The JS Weitz Excellency in Travel Fund supported eleven students this year in presenting their research at conferences spanning four continents. Jin Zhu presented at the APS Division of Fluid Dynamics meeting in Houston. Sana Amminaji presented at the Society for Neuroscience conference in San Diego. Ellen Liu traveled to Hangzhou, China for IROS 2025, the IEEE/RSJ International Conference on Intelligent Robots and Systems. Sidharth Srinivasan will present at the Student Conference on Conservation Science in Cambridge, UK this spring. Zhaochen Xu and Jianfeng Lin will present at the Society for Integrative and Comparative Biology meeting in Portland. Brendan Shrader received funding for the Joint Mathematics Meetings in Washington, DC. Cassie Shafer and Zach Mobille also received awards for upcoming conferences. And Sayantan Datta traveled to the University of Geneva for a month-long research visit to establish new microscopy protocols for visualizing cellular ultrastructure in our evolved snowflake yeast. The range of these conferences, from fluid dynamics to neuroscience to conservation biology, reflects the interdisciplinary spirit that defines QBioS.
I would be remiss not to mention that Georgia Tech was ranked seventh in the world in the 2026 Times Higher Education Interdisciplinary Science Rankings. QBioS exists because Georgia Tech decided, over a decade ago, that training scientists to work across traditional boundaries was worth investing in.

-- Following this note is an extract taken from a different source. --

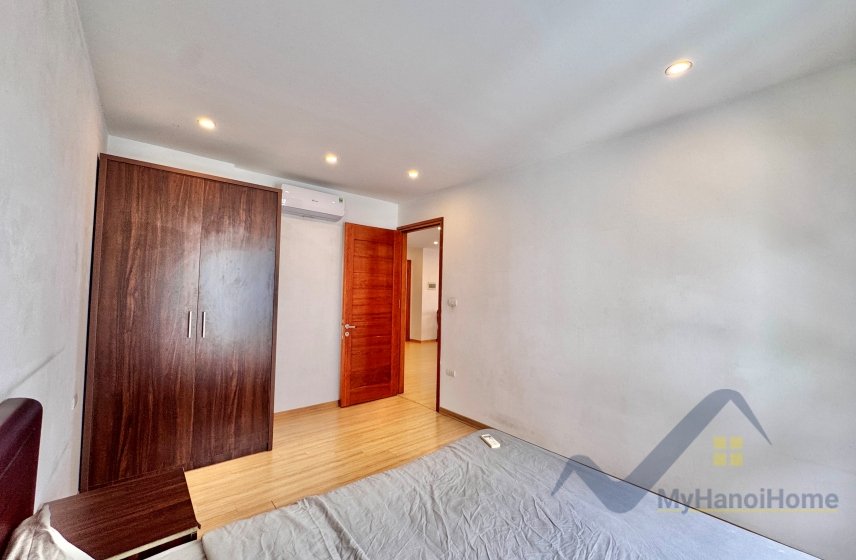 3 bedrooms Apartment in Tay Ho, Ha Noi, Vietnam No. 28870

It's gratifying to see that bet recognized.
Ten years in, QBioS is no longer an idea or an experiment. It is a community with its own traditions, its own alumni network, its own way of training scientists who move fluidly between disciplines. I've come to believe that this fluidity is itself a kind of resilience: scientists who can work across boundaries are better equipped to adapt when circumstances shift. Whatever challenges the coming years bring, I am confident we will meet them together.